Provenance Challenge: UCD/Genome Center
Participating Team
Team and Project Details
- Short team name: UCDGC
- Participant names: Manish Kumar Anand, Shawn Bowers, Bertram Ludaescher, Sven Kholer, Timothy McPhillips?, Sean Riddle
- Project Url: http://daks.ucdavis.edu/kepler-ppod/
- Project Overview: Comad-Kepler provides a complete set of provenance management features. COMAD (Collection-Oriented Modeling and Design) provenance framework supports nested data collections and captures explicit data dependencies introduced by provenance-aware processes at a fine-grained (node) level. COMAD framework automatically captured in a xml file (.trace), through a set of provenance annotations. COMAD framework has been further extended to automatically store provenance information in a relational database., where immediate and transitive closure dependencies for each node and invocation is stored, and the storage cost is reduced by applying a set of reduction techniques. We have also implemented a visualization tool, Provenance Browser, to allow users to browse and navigate workflow execution traces. Thus, COMAD-kepler provenance system provides support for creating scientific workflows, automatically capturing and storing provenance information, querying provenance information through a high-level query language and visualizing relevant views of provenance information.
- Relevant Publications:
Workflow Representation
The workflow is developed in the Kepler scientific workflow system. It uses the COMAD (Collection-Oriented Modeling and Design) framework, a system which allows nested collections of data to flow through a pipeline of actors, each actor interacting with only those parts of the stream it is interested in. This allows us to model the main aspect of control flow, the iteration over CSVFiles, as a functional map operation; this is very simple in COMAD. One challenge, though, was halting the entire workflow whenever any actor fails. While failures could easily be propagated downstream to actors 'below,' communicating them to upstream actors is challenging.
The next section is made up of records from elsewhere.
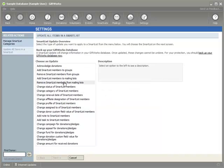The new options we've added for 2010 — the first two work together — are adding smart list members to mailing lists and removing smart list members from mailing lists.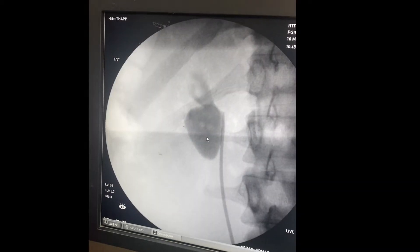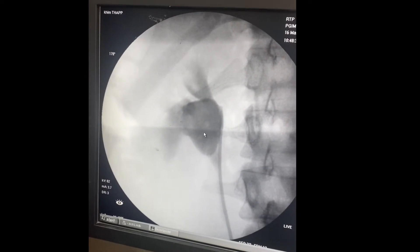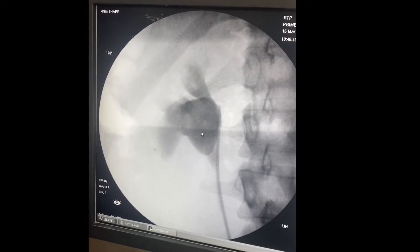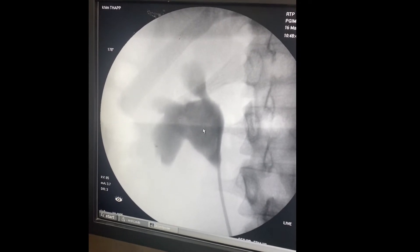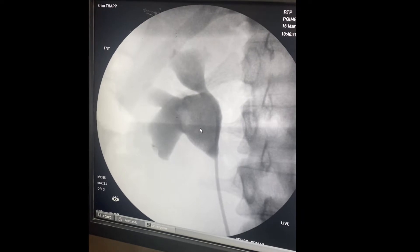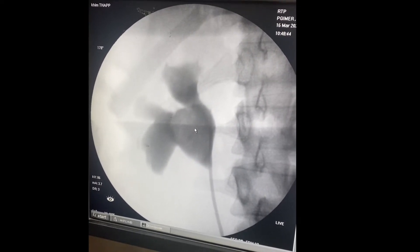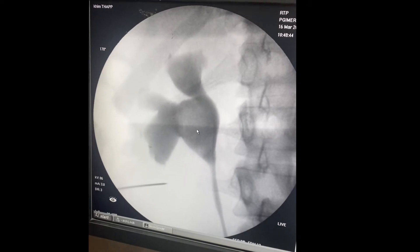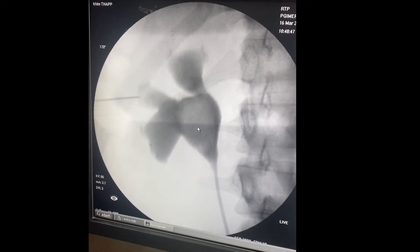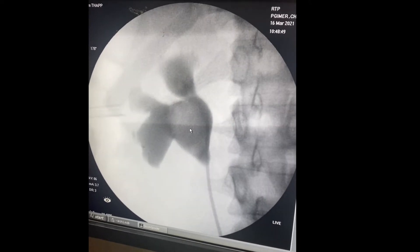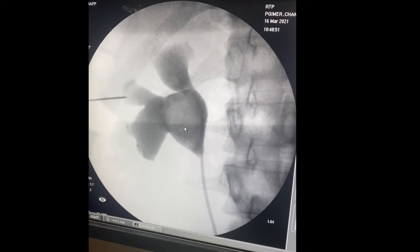On performing RGP, you can see that the dense contrast initially settles in the anterior calyxes during prone PCNL. Slowly the calyxes are getting opacified. Focusing on the middle calyx, the calyx oriented more laterally is the mid anterior calyx. The posterior calyx is not seen initially.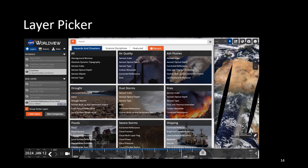If you want to add your own data and explore Worldview yourself, you can use the layer picker. After clicking out of the story tours, click the orange 'Add Layers' button on the left-hand side to access it. Layers are divided into potentially useful categories across four tabs: hazards and disasters — for example air quality or dust storms — science disciplines, featured (including newer datasets), and recently viewed datasets.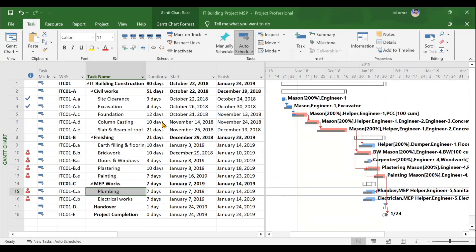Hi everyone, welcome to the detailed course on Microsoft Project. This is the very first video in the tutorial series of MSP. Here we will not be touching the technical aspects of this particular software. Instead, we will just be understanding the basic user interface, what functions and features are available, what MSP is all about, what you can do using it, and most importantly, what will be the outline of this course. So without any delay, let us get started.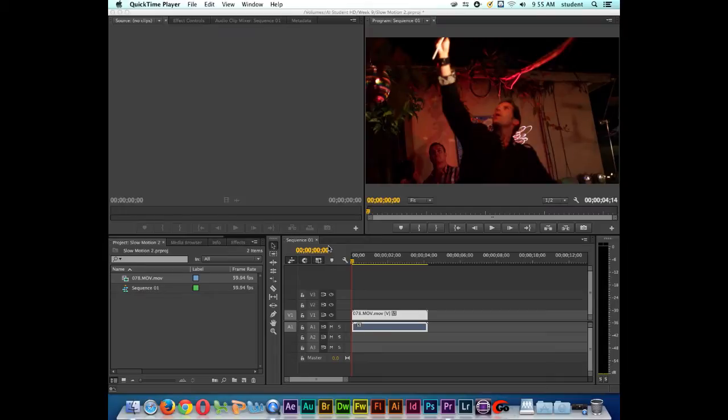Alright, in this Adobe Premiere tutorial I want to talk to you about reversing your clips. A lot of people ask me all the time, how do I get my clips to play backwards in Premiere?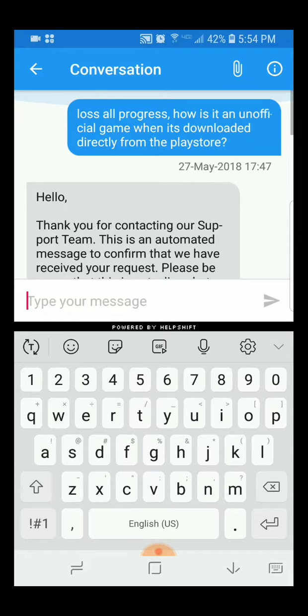The reason they won't give me my account is because they said it was an unofficial game. And as you've all seen, that is not true.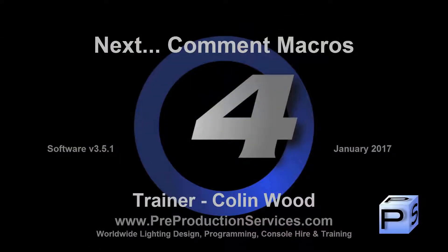In the next tutorial, we will take a look at how to use comment macros within lists and scenes. Thank you for watching.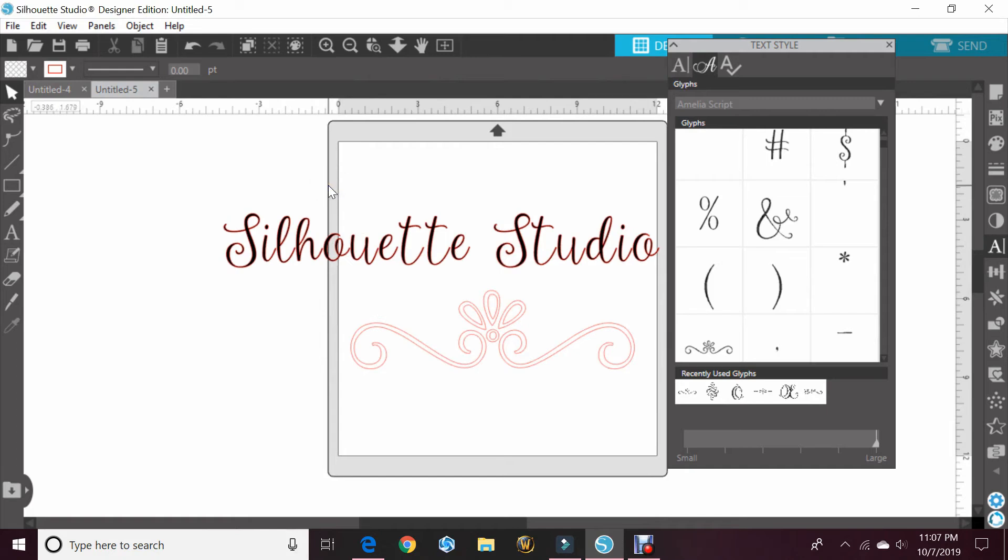Alright guys, I know this was a quick tutorial, but this was something that was pretty easy but a lot of people were asking how to get to glyphs and they've made it a little easier for us to do that. So that's why I wanted to talk about that today.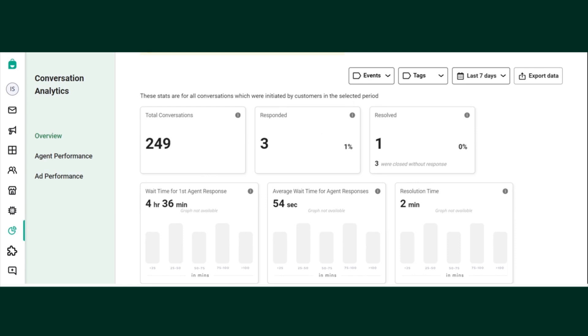Next is average wait time for agent responses. Average wait time is the time taken to respond to all the customer initiated messages in a customer initiated conversation. So this is also the median of all the conversations.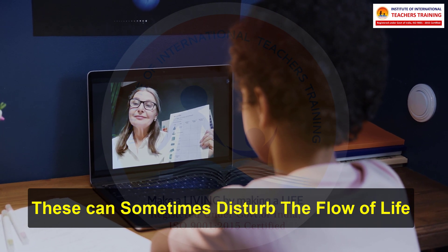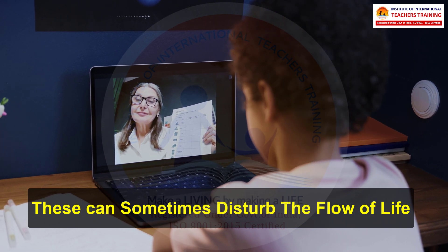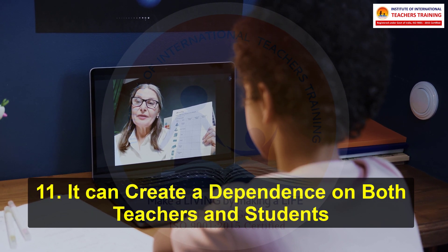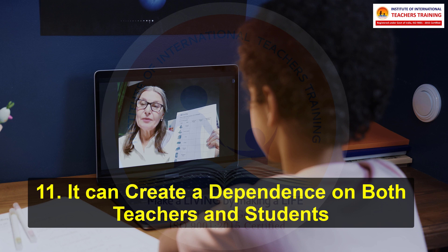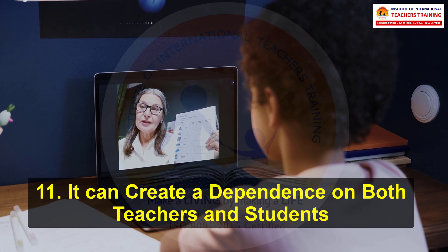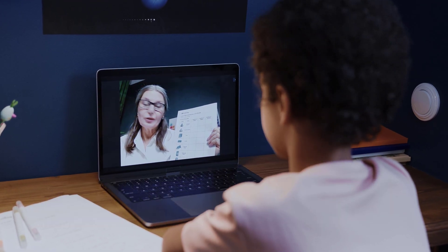These can sometimes disturb the flow of life. 11. It can create a dependence on both teachers and students.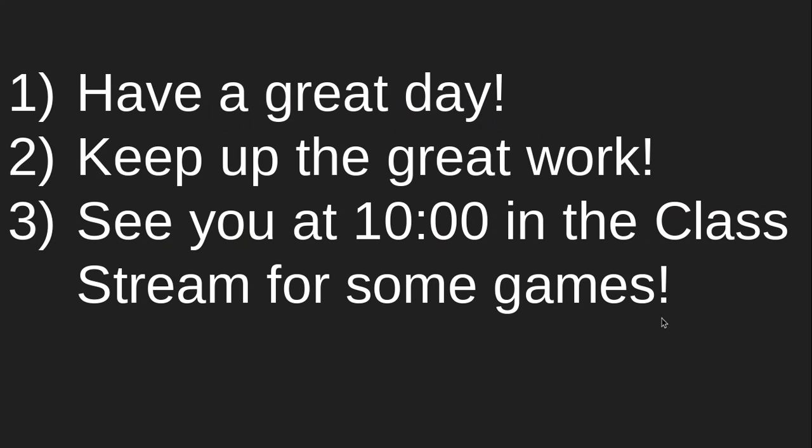So number one, have a great day. Number two, keep up the great work. We're real proud of all the work you're getting done and it seems like everybody's getting more done every day. So awesome work. Number three, and finally, see you at 10 o'clock in the class stream. We're going to play some games together. All right, you guys have a great day. I'll see you at 10.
To solve this, the classes simply communicate directly in an out-of-band fashion; if one fails, it informs all the rest, and they then act as passthroughs, just forwarding data and not operating on them further.
Open Provenance Model Output
Exporting COMAD-Kepler provenance traces into OPM traces
We ran the workflow across various data sets such that the workflow halts at each different step (8 halts) and in one case succeeds in executing all steps. The table below states those cases, comad-kepler provenance traces (xml) for the same, corresponding opm trace (xml), opm graph (png) and opm process dependency graph (png).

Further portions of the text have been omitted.